**WHAT THE TASK REQUIRES:**
Quote the entries below from the line with "signature lace original rise thong" through the line with "Picasee husă neagră", both ends included, and only those lines.

[Extracted data entries]
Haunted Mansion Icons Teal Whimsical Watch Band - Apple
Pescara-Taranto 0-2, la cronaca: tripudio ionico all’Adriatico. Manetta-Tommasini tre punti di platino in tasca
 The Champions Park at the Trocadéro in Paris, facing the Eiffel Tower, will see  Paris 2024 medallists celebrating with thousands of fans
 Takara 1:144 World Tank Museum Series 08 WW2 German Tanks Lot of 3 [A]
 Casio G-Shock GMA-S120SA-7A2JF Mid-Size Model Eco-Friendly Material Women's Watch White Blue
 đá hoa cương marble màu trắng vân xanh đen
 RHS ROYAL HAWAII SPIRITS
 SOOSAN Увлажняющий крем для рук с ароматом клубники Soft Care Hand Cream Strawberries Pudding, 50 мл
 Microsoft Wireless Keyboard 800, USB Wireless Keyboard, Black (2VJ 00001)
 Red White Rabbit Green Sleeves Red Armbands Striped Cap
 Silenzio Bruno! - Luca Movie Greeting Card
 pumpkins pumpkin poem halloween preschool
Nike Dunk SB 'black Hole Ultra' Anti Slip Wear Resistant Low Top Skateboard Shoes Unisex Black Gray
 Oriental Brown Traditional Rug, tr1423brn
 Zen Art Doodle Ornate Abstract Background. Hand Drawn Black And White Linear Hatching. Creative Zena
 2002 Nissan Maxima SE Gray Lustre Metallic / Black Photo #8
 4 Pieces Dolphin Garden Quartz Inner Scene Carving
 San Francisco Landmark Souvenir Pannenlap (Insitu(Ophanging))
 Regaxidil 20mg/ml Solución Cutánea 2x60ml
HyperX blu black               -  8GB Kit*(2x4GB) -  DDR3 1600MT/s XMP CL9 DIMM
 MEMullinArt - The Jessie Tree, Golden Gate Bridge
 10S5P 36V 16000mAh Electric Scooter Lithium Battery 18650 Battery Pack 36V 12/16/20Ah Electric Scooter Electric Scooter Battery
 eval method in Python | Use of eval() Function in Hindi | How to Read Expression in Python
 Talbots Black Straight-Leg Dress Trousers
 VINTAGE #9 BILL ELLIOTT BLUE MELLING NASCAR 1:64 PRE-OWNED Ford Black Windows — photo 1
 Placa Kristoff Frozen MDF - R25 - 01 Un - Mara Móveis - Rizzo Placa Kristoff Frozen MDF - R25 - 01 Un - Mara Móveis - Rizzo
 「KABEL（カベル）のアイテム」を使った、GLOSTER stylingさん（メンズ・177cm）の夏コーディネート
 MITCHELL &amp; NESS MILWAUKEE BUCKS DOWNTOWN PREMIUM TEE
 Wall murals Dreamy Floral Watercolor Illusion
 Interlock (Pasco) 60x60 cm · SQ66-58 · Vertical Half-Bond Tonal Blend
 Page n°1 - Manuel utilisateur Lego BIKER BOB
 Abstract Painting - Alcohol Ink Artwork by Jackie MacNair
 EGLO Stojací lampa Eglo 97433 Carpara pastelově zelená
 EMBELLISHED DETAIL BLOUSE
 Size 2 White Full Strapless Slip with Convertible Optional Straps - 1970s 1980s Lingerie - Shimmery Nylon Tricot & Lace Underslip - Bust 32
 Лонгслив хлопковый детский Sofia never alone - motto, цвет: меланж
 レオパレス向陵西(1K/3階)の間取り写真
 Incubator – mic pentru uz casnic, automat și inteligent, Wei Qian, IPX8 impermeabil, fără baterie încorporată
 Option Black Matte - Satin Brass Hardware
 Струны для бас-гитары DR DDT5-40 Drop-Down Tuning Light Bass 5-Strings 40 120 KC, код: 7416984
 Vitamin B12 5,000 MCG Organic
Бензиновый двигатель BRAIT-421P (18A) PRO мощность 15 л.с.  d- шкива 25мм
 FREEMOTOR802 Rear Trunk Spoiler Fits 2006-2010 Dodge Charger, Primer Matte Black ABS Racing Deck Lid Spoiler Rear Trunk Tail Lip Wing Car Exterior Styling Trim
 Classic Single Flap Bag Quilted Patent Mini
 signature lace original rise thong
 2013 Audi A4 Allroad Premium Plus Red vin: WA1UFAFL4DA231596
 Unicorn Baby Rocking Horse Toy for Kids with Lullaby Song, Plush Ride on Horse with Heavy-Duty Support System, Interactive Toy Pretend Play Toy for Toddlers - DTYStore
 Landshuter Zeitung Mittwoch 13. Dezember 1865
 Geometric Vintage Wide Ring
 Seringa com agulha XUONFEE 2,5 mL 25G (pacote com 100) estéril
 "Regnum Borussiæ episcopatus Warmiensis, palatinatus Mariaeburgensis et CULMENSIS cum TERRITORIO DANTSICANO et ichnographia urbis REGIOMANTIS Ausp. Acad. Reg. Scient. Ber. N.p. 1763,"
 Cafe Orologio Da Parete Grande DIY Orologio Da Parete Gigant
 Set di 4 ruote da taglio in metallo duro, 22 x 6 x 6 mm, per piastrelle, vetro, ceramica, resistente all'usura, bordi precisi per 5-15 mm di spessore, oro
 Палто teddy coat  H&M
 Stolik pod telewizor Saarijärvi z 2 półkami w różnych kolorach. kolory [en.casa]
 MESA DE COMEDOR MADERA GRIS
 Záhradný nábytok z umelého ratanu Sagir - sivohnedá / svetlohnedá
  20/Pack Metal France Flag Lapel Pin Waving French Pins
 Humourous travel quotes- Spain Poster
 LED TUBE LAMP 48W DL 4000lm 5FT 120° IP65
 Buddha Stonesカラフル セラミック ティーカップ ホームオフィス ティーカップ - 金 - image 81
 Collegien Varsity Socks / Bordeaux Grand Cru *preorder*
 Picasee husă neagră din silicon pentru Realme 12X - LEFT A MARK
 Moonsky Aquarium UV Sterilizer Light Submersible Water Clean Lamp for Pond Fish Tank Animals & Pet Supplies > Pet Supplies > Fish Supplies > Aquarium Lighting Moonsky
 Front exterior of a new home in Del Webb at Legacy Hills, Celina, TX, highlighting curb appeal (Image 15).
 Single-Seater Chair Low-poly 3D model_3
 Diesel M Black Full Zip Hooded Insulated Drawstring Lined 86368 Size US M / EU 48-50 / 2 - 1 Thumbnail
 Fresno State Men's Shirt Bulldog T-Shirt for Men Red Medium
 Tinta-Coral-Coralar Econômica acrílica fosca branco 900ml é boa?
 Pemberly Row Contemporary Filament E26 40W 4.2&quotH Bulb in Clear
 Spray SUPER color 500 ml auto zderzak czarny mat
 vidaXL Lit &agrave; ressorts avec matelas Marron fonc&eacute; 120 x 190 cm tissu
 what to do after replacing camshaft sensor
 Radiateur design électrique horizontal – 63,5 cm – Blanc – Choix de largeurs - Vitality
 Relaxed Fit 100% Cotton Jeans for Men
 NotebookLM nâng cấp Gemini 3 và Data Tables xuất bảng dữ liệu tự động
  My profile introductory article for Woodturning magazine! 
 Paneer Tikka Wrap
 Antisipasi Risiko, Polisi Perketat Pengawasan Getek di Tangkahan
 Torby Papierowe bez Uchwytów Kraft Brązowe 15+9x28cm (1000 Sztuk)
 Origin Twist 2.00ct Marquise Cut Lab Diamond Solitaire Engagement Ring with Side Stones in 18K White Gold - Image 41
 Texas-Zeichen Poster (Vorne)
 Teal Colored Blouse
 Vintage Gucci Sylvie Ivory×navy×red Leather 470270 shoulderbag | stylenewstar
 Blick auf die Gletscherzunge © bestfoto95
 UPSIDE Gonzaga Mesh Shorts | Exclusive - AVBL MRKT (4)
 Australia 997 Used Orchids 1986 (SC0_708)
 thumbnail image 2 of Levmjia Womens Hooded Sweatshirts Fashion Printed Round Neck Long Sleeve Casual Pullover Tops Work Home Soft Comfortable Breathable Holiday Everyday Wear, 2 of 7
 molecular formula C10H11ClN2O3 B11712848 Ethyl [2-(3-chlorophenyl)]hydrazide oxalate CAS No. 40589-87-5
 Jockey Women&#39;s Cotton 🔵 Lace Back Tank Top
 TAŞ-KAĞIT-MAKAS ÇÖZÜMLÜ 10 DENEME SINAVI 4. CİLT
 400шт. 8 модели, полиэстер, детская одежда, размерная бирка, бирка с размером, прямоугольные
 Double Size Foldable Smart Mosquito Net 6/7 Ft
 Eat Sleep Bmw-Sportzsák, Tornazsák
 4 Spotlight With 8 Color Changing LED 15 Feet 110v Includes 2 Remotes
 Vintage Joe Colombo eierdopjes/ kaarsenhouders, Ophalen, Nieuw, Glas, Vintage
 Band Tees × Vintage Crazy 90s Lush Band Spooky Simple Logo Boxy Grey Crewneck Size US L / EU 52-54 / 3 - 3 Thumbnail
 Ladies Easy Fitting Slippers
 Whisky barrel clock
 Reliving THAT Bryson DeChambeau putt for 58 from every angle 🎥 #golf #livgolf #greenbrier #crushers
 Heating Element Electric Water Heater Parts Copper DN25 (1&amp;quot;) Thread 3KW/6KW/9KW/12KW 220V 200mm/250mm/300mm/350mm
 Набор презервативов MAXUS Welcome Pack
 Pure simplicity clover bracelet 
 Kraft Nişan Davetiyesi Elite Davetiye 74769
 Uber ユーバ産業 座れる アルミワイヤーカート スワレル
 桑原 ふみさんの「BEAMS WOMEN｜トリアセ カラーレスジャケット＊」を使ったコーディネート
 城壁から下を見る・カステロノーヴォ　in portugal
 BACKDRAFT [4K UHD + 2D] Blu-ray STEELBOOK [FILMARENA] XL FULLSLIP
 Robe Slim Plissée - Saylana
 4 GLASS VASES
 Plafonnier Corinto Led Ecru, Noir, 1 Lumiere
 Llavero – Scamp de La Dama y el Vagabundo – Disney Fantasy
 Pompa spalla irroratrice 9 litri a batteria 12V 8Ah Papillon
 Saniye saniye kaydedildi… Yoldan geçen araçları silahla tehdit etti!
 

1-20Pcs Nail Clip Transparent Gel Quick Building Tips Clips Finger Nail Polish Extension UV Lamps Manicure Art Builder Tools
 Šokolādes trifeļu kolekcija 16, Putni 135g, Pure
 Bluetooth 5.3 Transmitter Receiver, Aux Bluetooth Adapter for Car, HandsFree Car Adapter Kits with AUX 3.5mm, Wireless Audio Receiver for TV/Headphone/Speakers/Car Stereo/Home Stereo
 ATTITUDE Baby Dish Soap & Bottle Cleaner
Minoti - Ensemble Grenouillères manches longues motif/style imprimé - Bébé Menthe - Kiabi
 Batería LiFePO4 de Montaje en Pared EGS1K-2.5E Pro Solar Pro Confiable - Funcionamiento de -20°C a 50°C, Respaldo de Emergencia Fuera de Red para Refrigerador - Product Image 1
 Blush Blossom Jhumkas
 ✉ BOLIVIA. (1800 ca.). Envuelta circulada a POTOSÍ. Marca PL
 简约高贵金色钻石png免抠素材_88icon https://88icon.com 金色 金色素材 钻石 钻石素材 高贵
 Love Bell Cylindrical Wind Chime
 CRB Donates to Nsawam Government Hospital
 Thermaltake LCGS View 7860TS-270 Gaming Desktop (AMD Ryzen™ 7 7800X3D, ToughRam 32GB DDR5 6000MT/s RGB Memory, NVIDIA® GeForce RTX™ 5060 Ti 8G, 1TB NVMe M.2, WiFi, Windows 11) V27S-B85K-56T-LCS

**REPLY TO THE EXERCISE:**
 signature lace original rise thong
 2013 Audi A4 Allroad Premium Plus Red vin: WA1UFAFL4DA231596
 Unicorn Baby Rocking Horse Toy for Kids with Lullaby Song, Plush Ride on Horse with Heavy-Duty Support System, Interactive Toy Pretend Play Toy for Toddlers - DTYStore
 Landshuter Zeitung Mittwoch 13. Dezember 1865
 Geometric Vintage Wide Ring
 Seringa com agulha XUONFEE 2,5 mL 25G (pacote com 100) estéril
 "Regnum Borussiæ episcopatus Warmiensis, palatinatus Mariaeburgensis et CULMENSIS cum TERRITORIO DANTSICANO et ichnographia urbis REGIOMANTIS Ausp. Acad. Reg. Scient. Ber. N.p. 1763,"
 Cafe Orologio Da Parete Grande DIY Orologio Da Parete Gigant
 Set di 4 ruote da taglio in metallo duro, 22 x 6 x 6 mm, per piastrelle, vetro, ceramica, resistente all'usura, bordi precisi per 5-15 mm di spessore, oro
 Палто teddy coat  H&M
 Stolik pod telewizor Saarijärvi z 2 półkami w różnych kolorach. kolory [en.casa]
 MESA DE COMEDOR MADERA GRIS
 Záhradný nábytok z umelého ratanu Sagir - sivohnedá / svetlohnedá
  20/Pack Metal France Flag Lapel Pin Waving French Pins
 Humourous travel quotes- Spain Poster
 LED TUBE LAMP 48W DL 4000lm 5FT 120° IP65
 Buddha Stonesカラフル セラミック ティーカップ ホームオフィス ティーカップ - 金 - image 81
 Collegien Varsity Socks / Bordeaux Grand Cru *preorder*
 Picasee husă neagră din silicon pentru Realme 12X - LEFT A MARK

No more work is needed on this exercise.